# Work required
Leave out all pictures while you copy the lines exactly from the one with "Lit à ressorts" through the last line of the listing.

# Data segment
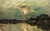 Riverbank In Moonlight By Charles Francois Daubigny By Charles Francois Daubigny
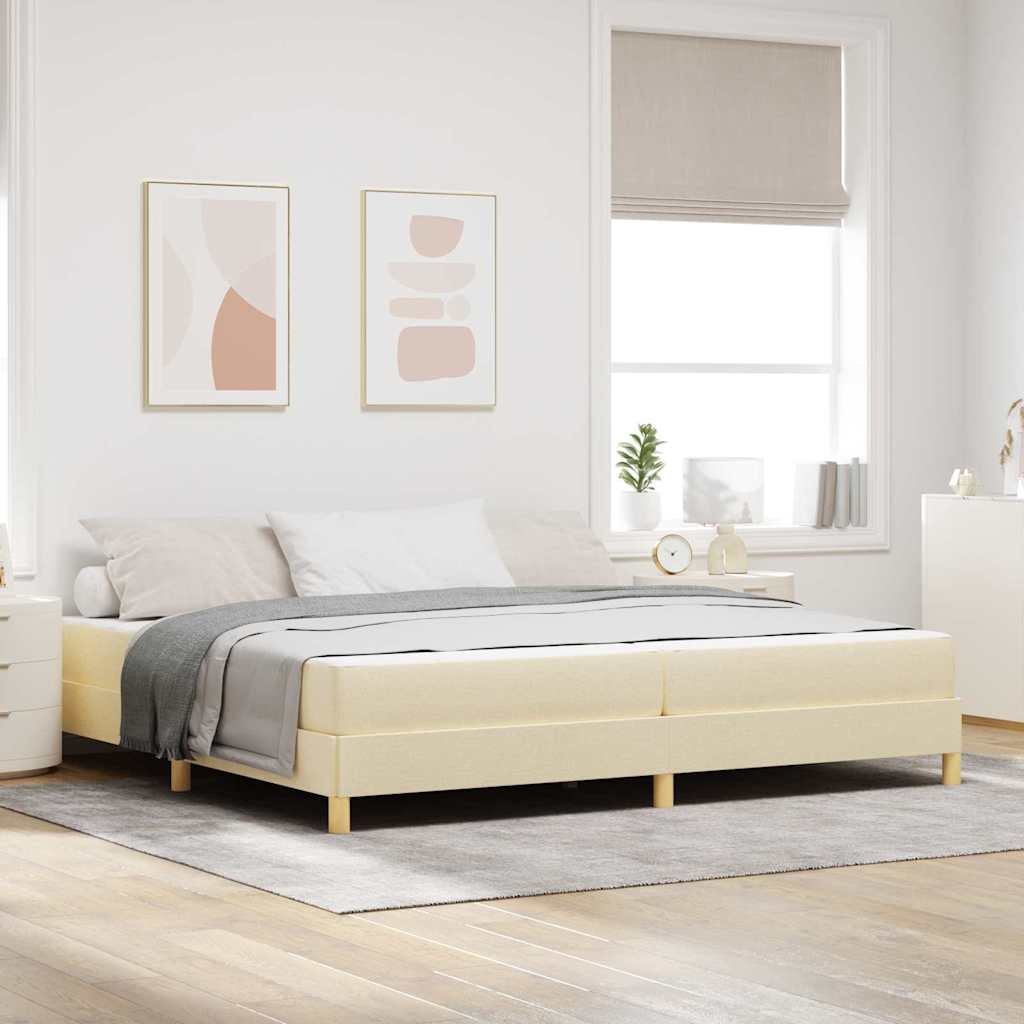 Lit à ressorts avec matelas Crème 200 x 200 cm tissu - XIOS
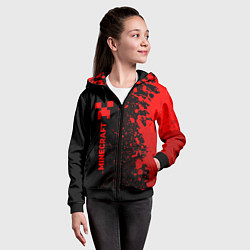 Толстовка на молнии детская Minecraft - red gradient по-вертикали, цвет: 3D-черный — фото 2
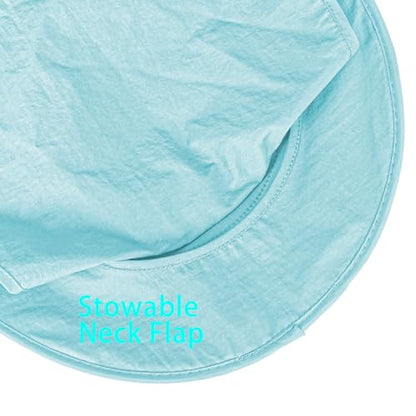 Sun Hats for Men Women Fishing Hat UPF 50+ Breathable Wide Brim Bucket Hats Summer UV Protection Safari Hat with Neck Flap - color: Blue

# Answer to the problem
 Lit à ressorts avec matelas Crème 200 x 200 cm tissu - XIOS
 Толстовка на молнии детская Minecraft - red gradient по-вертикали, цвет: 3D-черный — фото 2
 Sun Hats for Men Women Fishing Hat UPF 50+ Breathable Wide Brim Bucket Hats Summer UV Protection Safari Hat with Neck Flap - color: Blue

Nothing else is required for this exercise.